The government collects an impressive amount of data that’s used in both the public and private sectors. But agencies could better use that data if they collected and stored it the same way, or if automation tools made for faster analysis.
That’s the thinking behind the data accountability and transparency piece of the President’s Managment Agenda, and is one of the plan’s 14 cross-agency priority (CAP) goals. Federal Chief Information Officer Suzette Kent said the data CAP goal will help the government get its arms around its huge trove of data.
“We can’t use the data if we can’t understand it,” Kent said at a Data Coalition event in Washington, D.C. on Wednesday. “The data CAP goal is the focused effort on how we transform the governmentwide approach to how we look at and use data.”
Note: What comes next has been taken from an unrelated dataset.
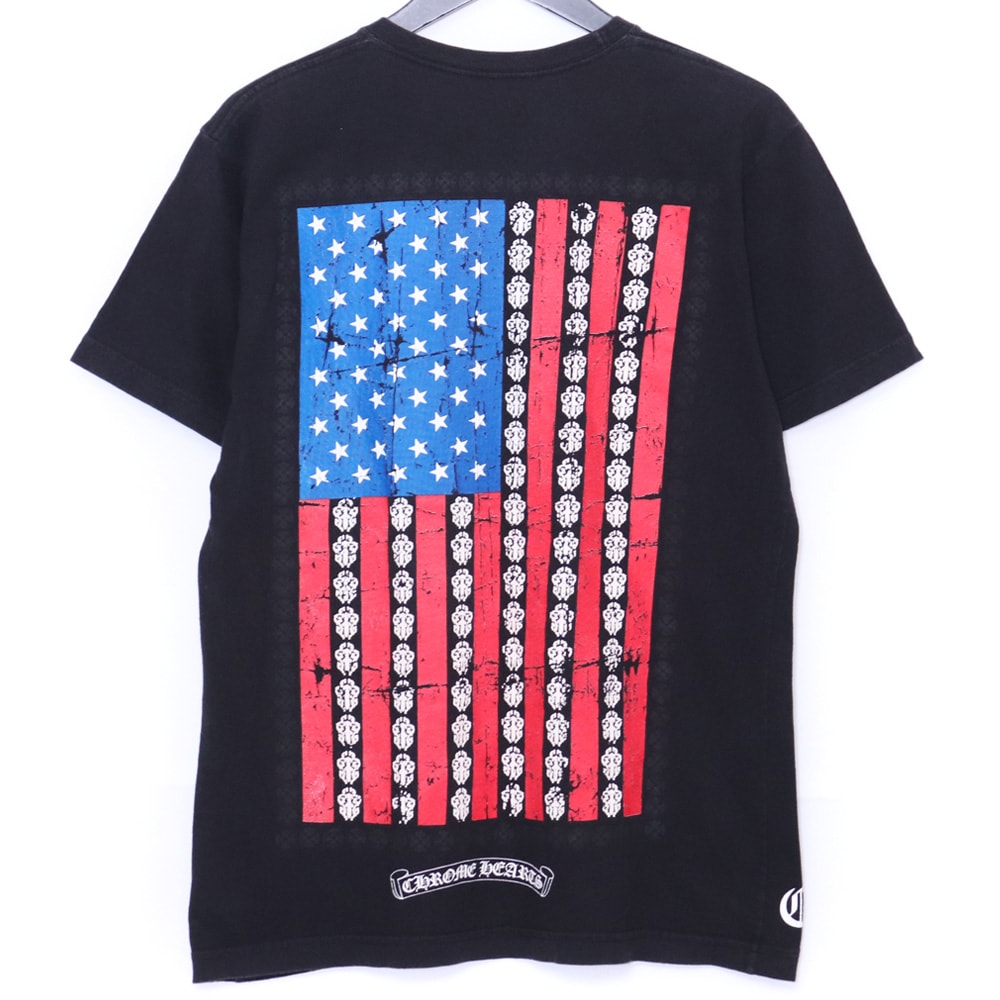Chrome Hearts American Flag T-Shirt "Black"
The CAP goal aims to improve how agencies carry out their missions and to make government data more accessible to the private sector.
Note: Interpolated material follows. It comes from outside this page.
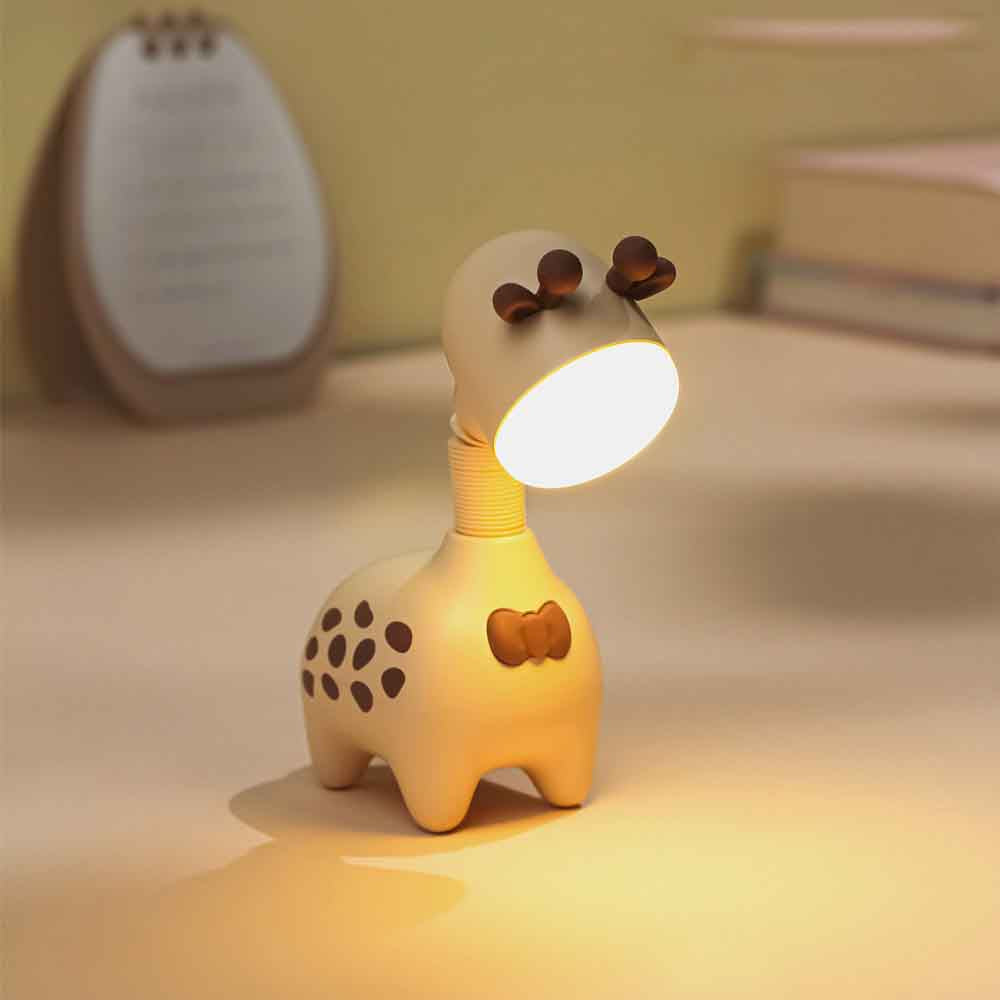 Nachtlampje Babykamer – Zacht Siliconen Giraffe Ontwerp, USB Oplaadbaar, Warm Licht 7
“The data that the U.S. government has is the most valuable data in the world, and there are many companies that already use U.S. government data. The geospatial data actually supports many current companies and the success in how they go to market,” Kent said. “But data from the IRS, from Census, from Transportation, does more to develop a national resource. It powers our innovation.”
Too much data too fast
To get a sense of how much data the government produces, the Commerce Department puts out as much as 20 terabytes of data every day. By 2025, Kent estimated that the government will produce at least 163 zettabytes of data — that’s more storage than 250 billion DVDs.
Kent said agencies need better automation tools, because they’re producing way too much data for humans to process.
“If one of us tried to process a terabyte of data, we would have to watch the equivalent of 400 90-minute videos,” she said. “I know some of you binge-watchers might say ‘Hey, I’m up for that,’ but that’s a lot. But using technology, and with the right discipline around data, we can process that in seconds. But it has to be structured, and we have to understand it.”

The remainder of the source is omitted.